*LISTED RECORDS*.
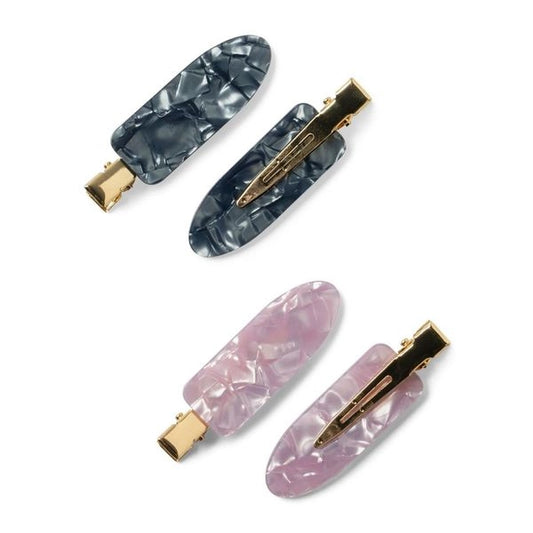 A set of four hair clips in two colors, gray and pink, with a marbled design and metallic gold clasps.
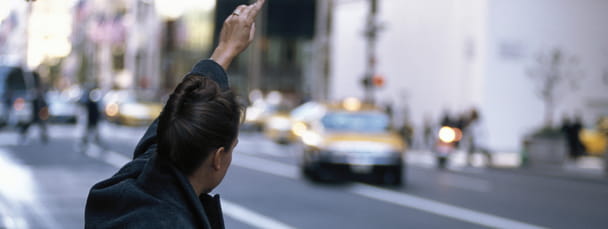 woman hailing cab main picture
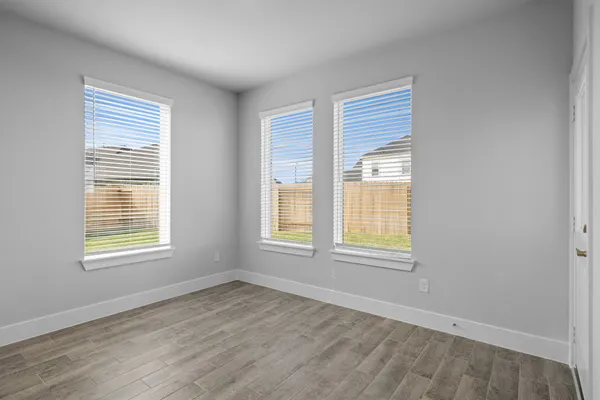 a view of kitchen with furniture and refrigerator
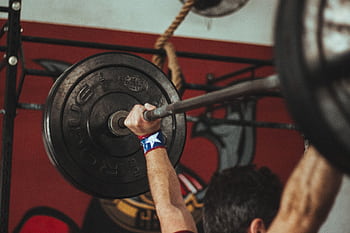 Athlete lifting heavy barbell during strength training session in gym. HD wallpaper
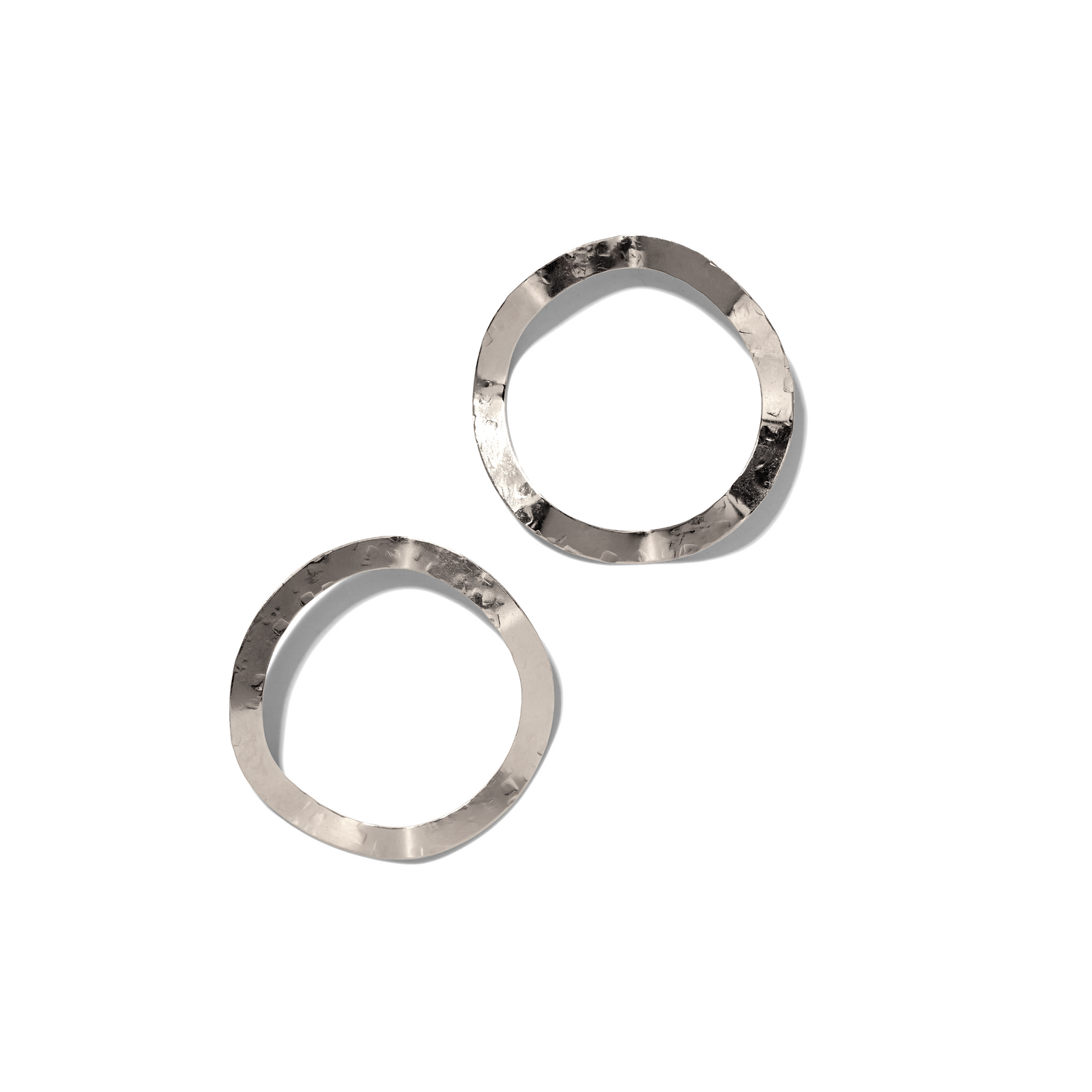 The Silver Duet Post Earrings by JAREDJAMIN Jewelry Online feature two organic, hammered silver forms with textured, reflective surfaces on a plain white background. Their artisanal, tarnish-free finish casts soft shadows to the lower right.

*YOUR ASSIGNMENT*.
Drop the images and copy all the data exactly.

*TASK ANSWER*.
 A set of four hair clips in two colors, gray and pink, with a marbled design and metallic gold clasps.
 woman hailing cab main picture
 a view of kitchen with furniture and refrigerator
 Athlete lifting heavy barbell during strength training session in gym. HD wallpaper
 The Silver Duet Post Earrings by JAREDJAMIN Jewelry Online feature two organic, hammered silver forms with textured, reflective surfaces on a plain white background. Their artisanal, tarnish-free finish casts soft shadows to the lower right.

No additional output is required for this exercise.